Back in 1992 ncRNAs were a real novelty, and only one other was known at the time. Even now, there is something very unusual about Xist. It’s not just that it doesn’t leave the nucleus. Xist doesn’t even leave the chromosome that produces it. When ES cells begin to differentiate, only one of the chromosomes produces Xist RNA. This is the chromosome that will be the inactive one. Xist doesn’t move away from the chromosome that produced it. Instead, it binds to the chromosome and starts to spread out along it.
Xist is often described as ‘painting’ the inactive X and it’s a very good description. Let’s revert yet again to our analogy of the DNA code as a script. This time we’ll imagine that the script is written on a wall, maybe it’s an inspiring poem or speech in a classroom. At the end of the summer term the school building closes down and is sold for conversion to apartments. The decorators arrive and paint over the script. Now there’s nothing to tell the new residents to ‘play up and play the game’, or exactly how they should ‘meet with Triumph and Disaster’. But the instructions are actually still there, they’re just hidden from view.
When Xist binds over the X chromosome that produced it, it induces a kind of creeping epigenetic paralysis. It covers more and more genes, switching them off. It first seems to do this by acting as a barrier between the genes and the enzymes that normally copy them into mRNA. But as the X inactivation gets better established, it changes the epigenetic modifications on the chromosome. The histone modifications that normally turn genes on are removed. They are replaced by repressive histone modifications that turn genes off.
Some of the normal histones are removed altogether. Histone H2A is replaced by a related but subtly different molecule called macroH2A, strongly associated with gene repression. The promoters of genes undergo DNA methylation, an even more stringent way of turning the genes off. All these changes lead to binding of more and more repressor molecules, coating the DNA on the inactive X and making it less and less accessible to the enzymes that transcribe genes. Eventually, the DNA on the X chromosome gets incredibly tightly wound up, like a giant wet towel being turned at each end, and the whole chromosome moves to the edge of the nucleus. By this stage most of the X chromosome is completely inactive, except for the Xist gene, which is a little pool of activity in the midst of a transcriptional desert15.
Whenever a cell divides, the modifications to the inactive X are copied over from mother cell to daughter cell, and so the same X remains inactivated in all subsequent generations of that starter cell.

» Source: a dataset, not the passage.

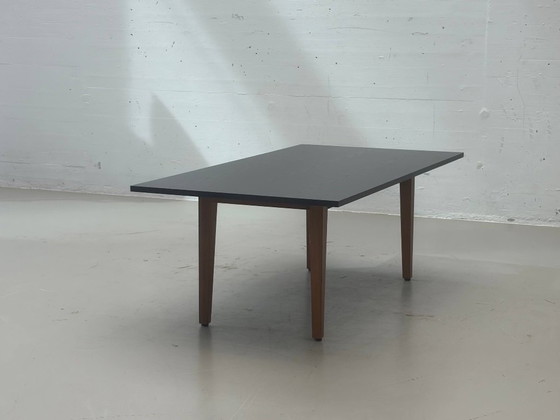 Table de salle à manger moderne de style mid-century, structure en frêne noir et bois (photo 5 of 12)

While the effects of Xist are amazing, the description above still leaves a lot of questions unanswered. How is Xist expression controlled? Why does it switch on when ES cells start to differentiate? Is Xist only functional when it’s in female cells, or could it act in males cells too?
The power of a kiss
The last question was first addressed in the lab of Rudi Jaenisch, whom we met in the context of iPS cells and Shinya Yamanaka’s work in Chapter 2. In 1996, Professor Jaenisch and his colleagues created mice carrying a genetically engineered version of the X Inactivation Centre (an X Inactivation Centre transgene). This was 450kb in size, and included the Xist gene plus other sequences on either side. They inserted this into an autosome (non-sex chromosome), created male mice carrying this transgene, and studied ES cells from these mice. The male mice only contained one normal X chromosome, because they have the XY karyotype. However, they had two X Inactivation Centres. One was on the normal X chromosome, and one was on the transgene on the autosome. When the researchers differentiated the ES cells from these mice, they found that Xist could be expressed from either of the X Inactivation Centres. When Xist was expressed, it inactivated the chromosome from which it was expressed, even if this was the autosome carrying the transgene16.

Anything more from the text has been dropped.